SEPTEMBER 11, 2017 — A prototype of a 1,350 mm diameter ship’s propeller has been completed using additive manufacturing (3D printing) techniques. Named WAAMpeller, the prototype has been produced by a cooperative consortium that includes Damen Shipyards Group, RAMLAB, Promarin, Autodesk and Bureau Veritas.

This first prototype WAAMpeller will be used for display purposes, but planning for a second example, that will have class approval, is already underway. “We start production of a second propeller with class approval later next month – using all the lessons we have learned over the past few months,” says Kees Custers, Project Engineer in Damen’s R&D department. “We are aiming to install this second one onto one of our tugs later this year.”

The WAAMpeller was fabricated from a nickel aluminium bronze (NAB) alloy at RAMLAB (Rotterdam Additive Manufacturing Lab) in the Port of Rotterdam. The propeller was produced with the wire arc additive manufacturing (WAAM) method using a Valk welding system and Autodesk software. The triple-blade structure uses a Promarin design that is used on Damen’s Stan Tug 1606. With production complete, the WAAMpeller will be CNC milled at Autodesk’s advanced manufacturing facility in Birmingham, U.K.

The prototype 3D printed propeller represents a steep learning curve in the understanding of material properties.
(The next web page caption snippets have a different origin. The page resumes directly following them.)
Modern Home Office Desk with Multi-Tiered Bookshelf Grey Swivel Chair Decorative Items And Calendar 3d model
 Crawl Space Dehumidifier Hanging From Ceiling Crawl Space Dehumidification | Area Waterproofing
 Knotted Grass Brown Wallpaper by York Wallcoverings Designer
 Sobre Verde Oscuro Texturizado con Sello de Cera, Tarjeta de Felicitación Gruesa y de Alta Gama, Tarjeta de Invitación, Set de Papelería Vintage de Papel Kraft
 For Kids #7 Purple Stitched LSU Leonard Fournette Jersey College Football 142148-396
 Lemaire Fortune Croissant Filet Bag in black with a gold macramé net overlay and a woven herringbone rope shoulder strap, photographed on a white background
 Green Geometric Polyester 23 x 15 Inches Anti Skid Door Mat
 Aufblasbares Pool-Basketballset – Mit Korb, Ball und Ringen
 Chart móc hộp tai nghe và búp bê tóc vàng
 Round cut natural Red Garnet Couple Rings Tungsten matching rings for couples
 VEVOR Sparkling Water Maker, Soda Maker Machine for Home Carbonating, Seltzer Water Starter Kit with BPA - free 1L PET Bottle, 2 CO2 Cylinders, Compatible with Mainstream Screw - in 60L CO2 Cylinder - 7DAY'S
“This is because 3D printed materials are built up layer by layer,” says Mr. Custers. “As a consequence, they display different physical properties in different directions – a characteristic known as anisotropy. Steel or cast materials, on the other hand, are isotropic – they have the same properties in all directions.”

Because of this critical difference, one of the first steps was to carry out extensive testing of the material properties of the printed material to ensure compliance to Bureau Veritas standards. This involved printing two straightforward walls of material then using a milling machine to produce samples for lab testing of tensile and static strengths.”

The 400 kg WAAMpeller also marks a milestone in terms of 3D printing production techniques.

“The challenge has been to translate a 3D CAD file on a computer into a physical product. This is made more complex because this propeller is a double-curved, geometric shape with some tricky overhanging sections,” says Mr Custers.

Yannick Eberhard of Promarin’s R&D department adds that “the transformation from a semi-automatic to robotic processing is the solid foundation for even more complex and reliable future propeller designs”.

“Material characterization and mechanical testing have been an important part of this project,” says Wei Ya, Postdoctoral Researcher from the University of Twente at RAMLAB. “We have to make sure that the material properties meet the needs of the application. Material toughness, for example – ensuring that the propeller is able to absorb significant impact without damage.”

“But we have also been working towards optimising the production strategy for 3D metal deposition,” Mr. Ya continues. “This includes bead shape and width, as well as how fast we can deposit the printed material.”

RAMLAB as theh capacity to print objects with maximum dimensions of 7 x 2 x 2 m,

“For large scale 3D metal deposition, the WAAMpeller is really ground-breaking for the maritime industry,” says Mr. Ya. “This technology is a fundamental change in the concept of how we make things. With additive manufacturing, you can print most metallic components that are needed in principle. There is so much potential for the future – these techniques will have a big impact on the supply chain.”